### EXERCISE BRIEF
Restate the data word for word. Leave the pictures out.

### INFORMATION PROVIDED
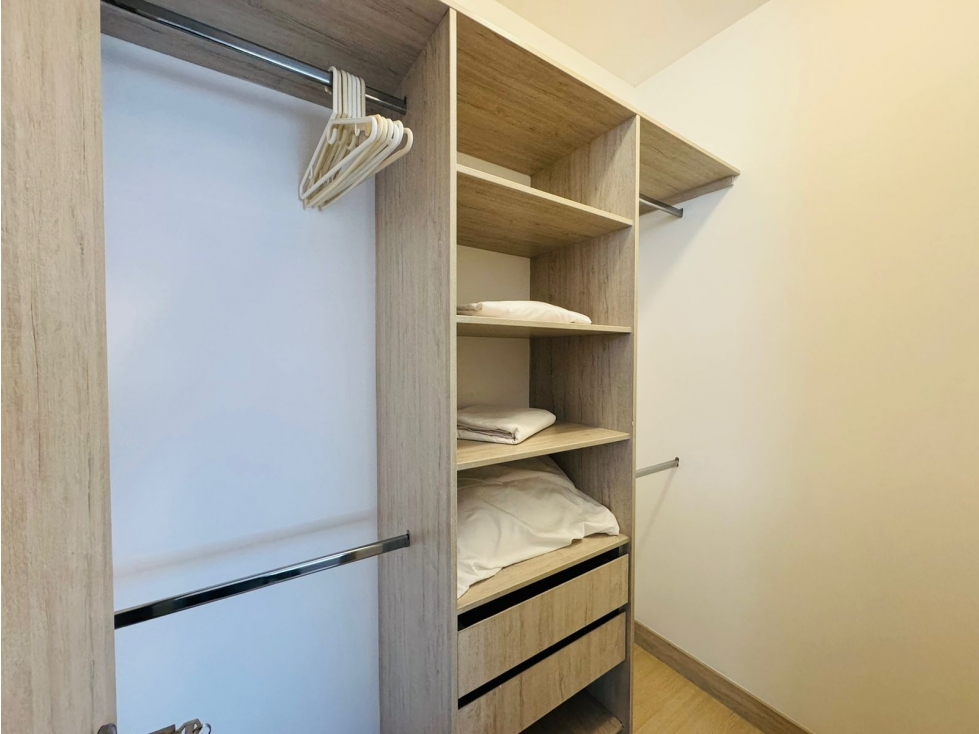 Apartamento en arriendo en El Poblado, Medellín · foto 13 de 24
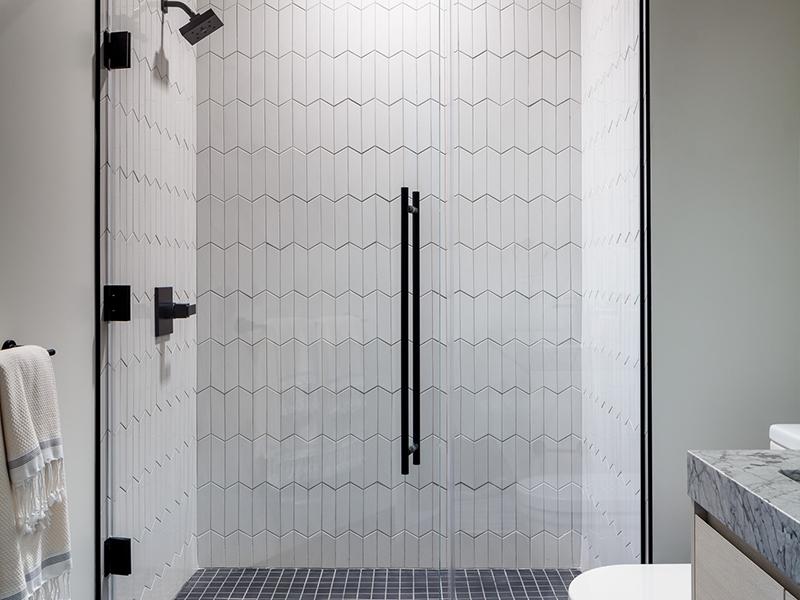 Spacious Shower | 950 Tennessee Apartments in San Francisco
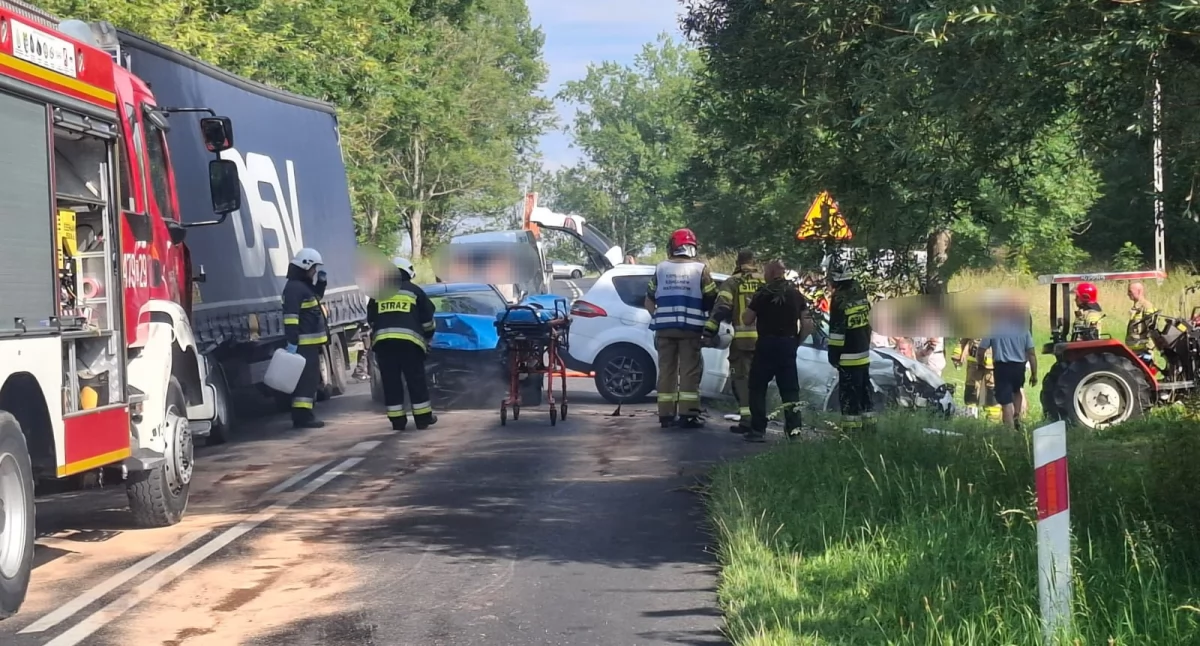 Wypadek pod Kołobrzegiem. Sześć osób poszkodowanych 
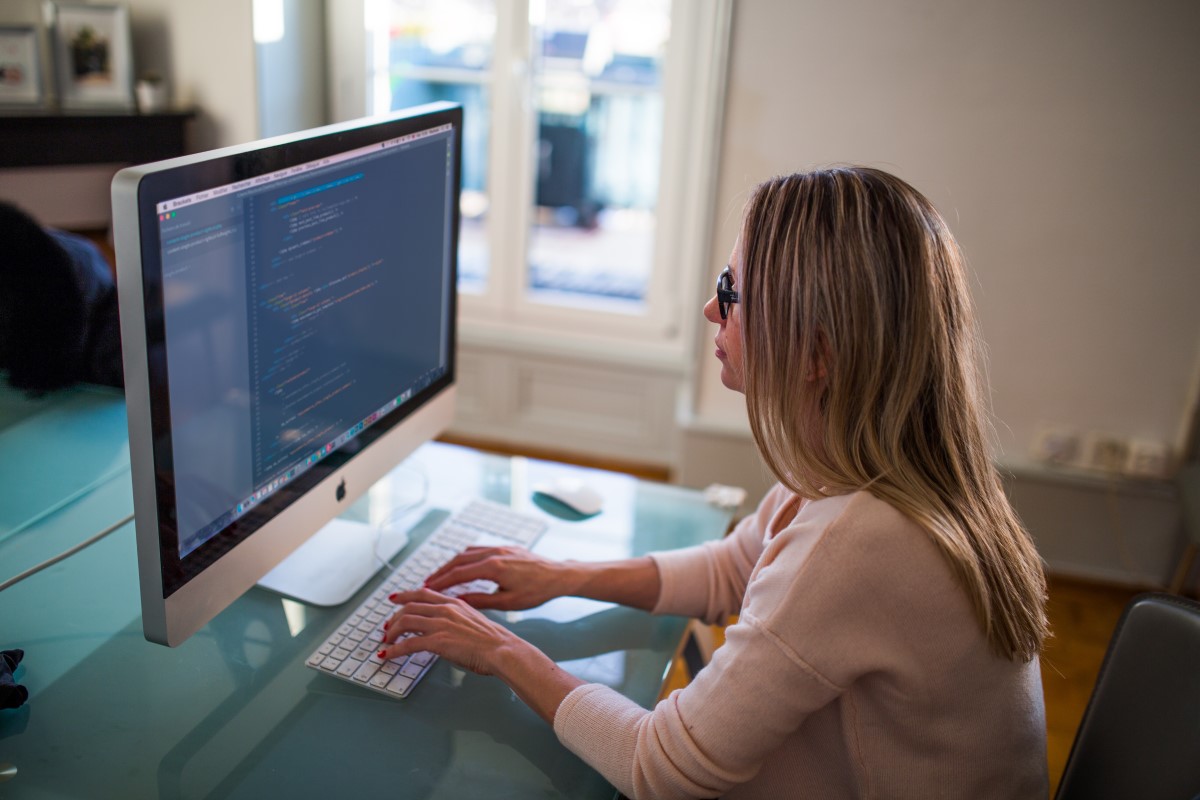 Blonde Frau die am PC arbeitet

### EXERCISE RESPONSE
 Apartamento en arriendo en El Poblado, Medellín · foto 13 de 24
 Spacious Shower | 950 Tennessee Apartments in San Francisco
 Wypadek pod Kołobrzegiem. Sześć osób poszkodowanych 
 Blonde Frau die am PC arbeitet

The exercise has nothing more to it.